I need some time alone, some nice smelling flowers, a kind word from an old friend. I need chocolate. I need the winning lotto ticket. I need some love and affection. I need my mom. I need.... something.

Blahhhhh.
1,580 views 4 replies
Reply #1 Top
I think you might have some hormones a-rushin, sister. I feel for ya...I know all too well what misery those can be.

Chocolate makes everything better, though! Sex does too, but it's slightly harder to come by (no pun intended) than chocolate.
Reply #2 Top
What about a nice word from a new friend?

Tomorrow's another day Nicky... You will wake up tomorrow, and if you get your head right, you will have forgotten about your troubles of today - yet you will be stronger tomorrow for enduring today.

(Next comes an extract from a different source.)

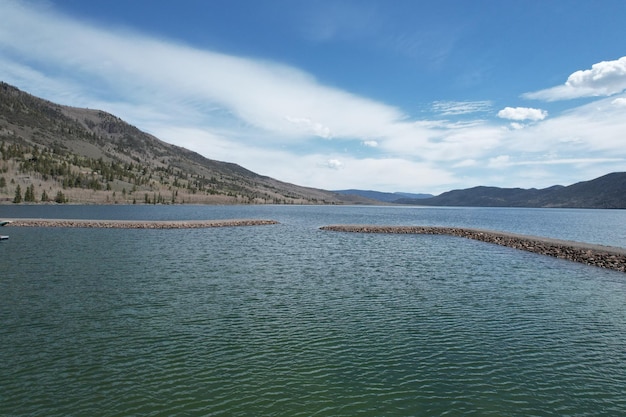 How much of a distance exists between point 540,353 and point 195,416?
18.0m

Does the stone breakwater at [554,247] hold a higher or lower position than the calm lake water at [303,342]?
higher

I know you like the challenging aspect of life -you have done so well thus far, you will always come out on top ;)

BAM!!!
Reply #3 Top
This article hits a little too close to home. (Although that probably doesn't help at all).

~Me
Reply #4 Top
Thanks Dharma, Muggaz and Enigma...
Dharma: Strange... Chocolate does do wonders... thank goodness for Easter... at least I can blame the consumption of it on the season!

Muggaz: Your comments on my blog and elsewhere always bring a smile to my face. Even though the probabilities of us ever meeting are slim (unless I win the lotto!), I'm glad to know that you are you. You make me happy.

Enigma: It does help to know that others feel the same, and that I'm not insane at times!

Peace.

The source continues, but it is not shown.